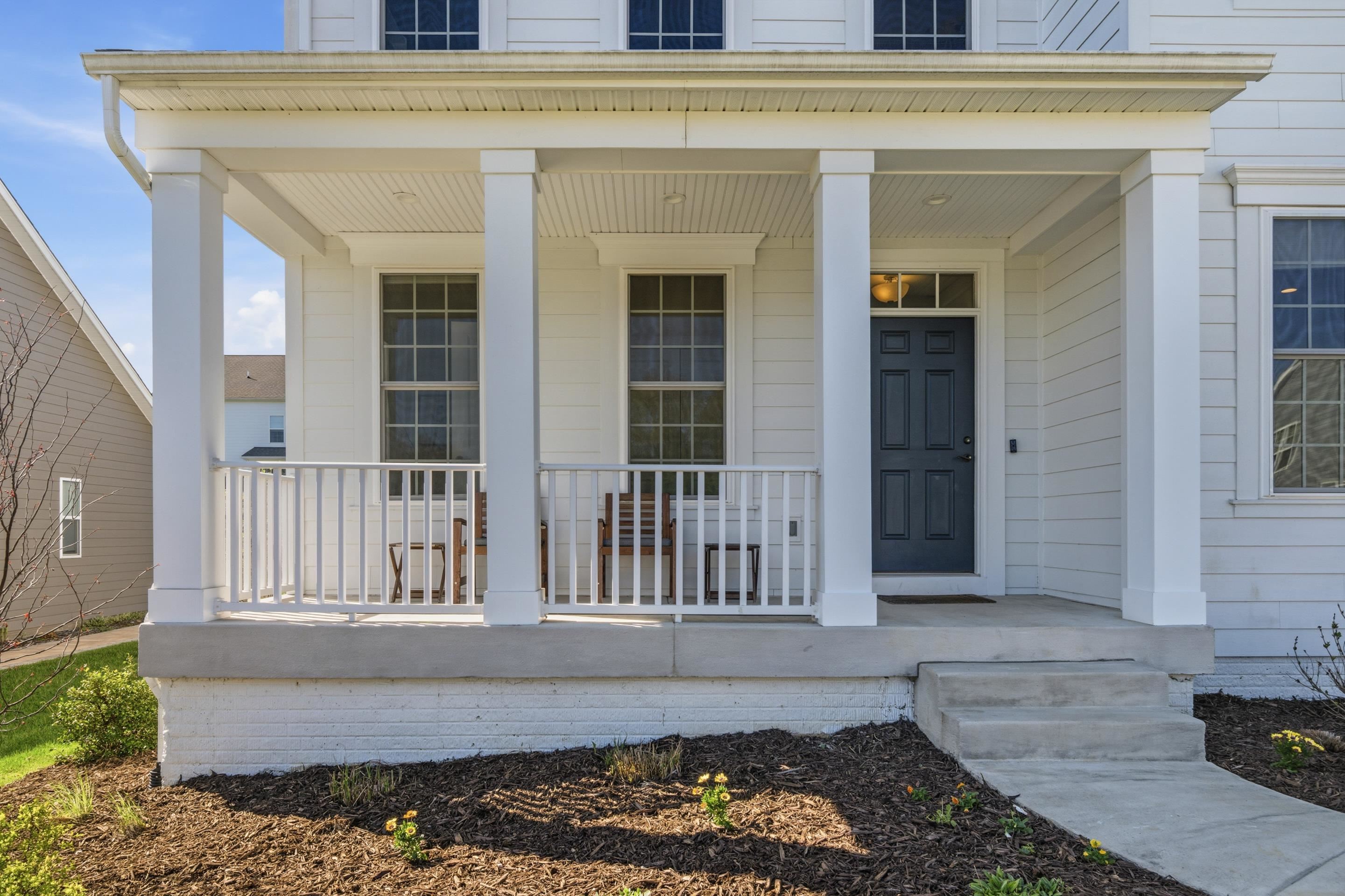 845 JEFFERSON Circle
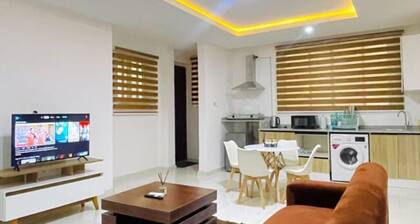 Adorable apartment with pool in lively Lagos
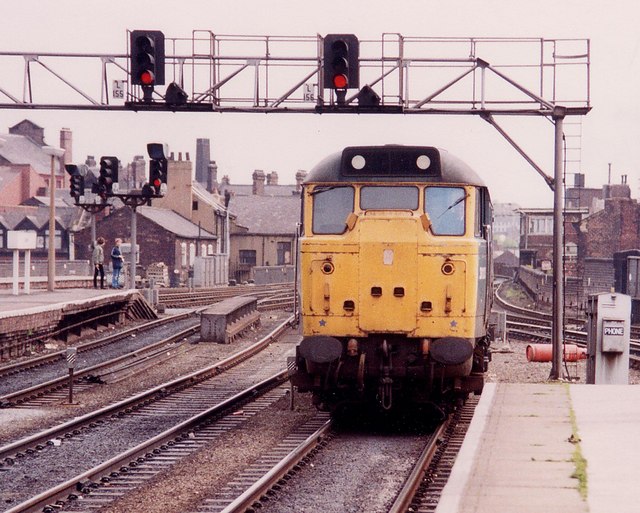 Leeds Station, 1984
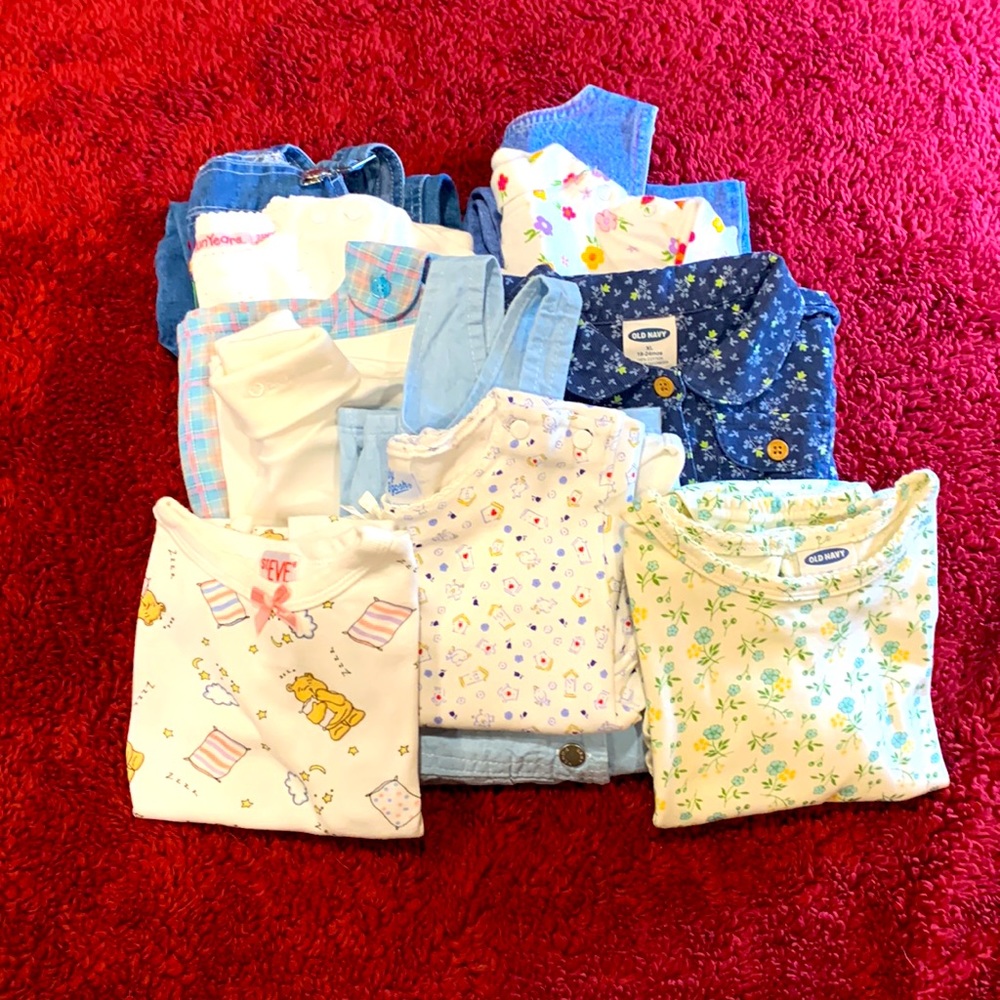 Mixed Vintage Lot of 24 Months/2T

## Exercise requirements:
Only the lines from the line holding "Leeds Station, 1984" through the last line above belong in the answer, repeated exactly; the pictures do not.

## Reply to the task:
 Leeds Station, 1984
 Mixed Vintage Lot of 24 Months/2T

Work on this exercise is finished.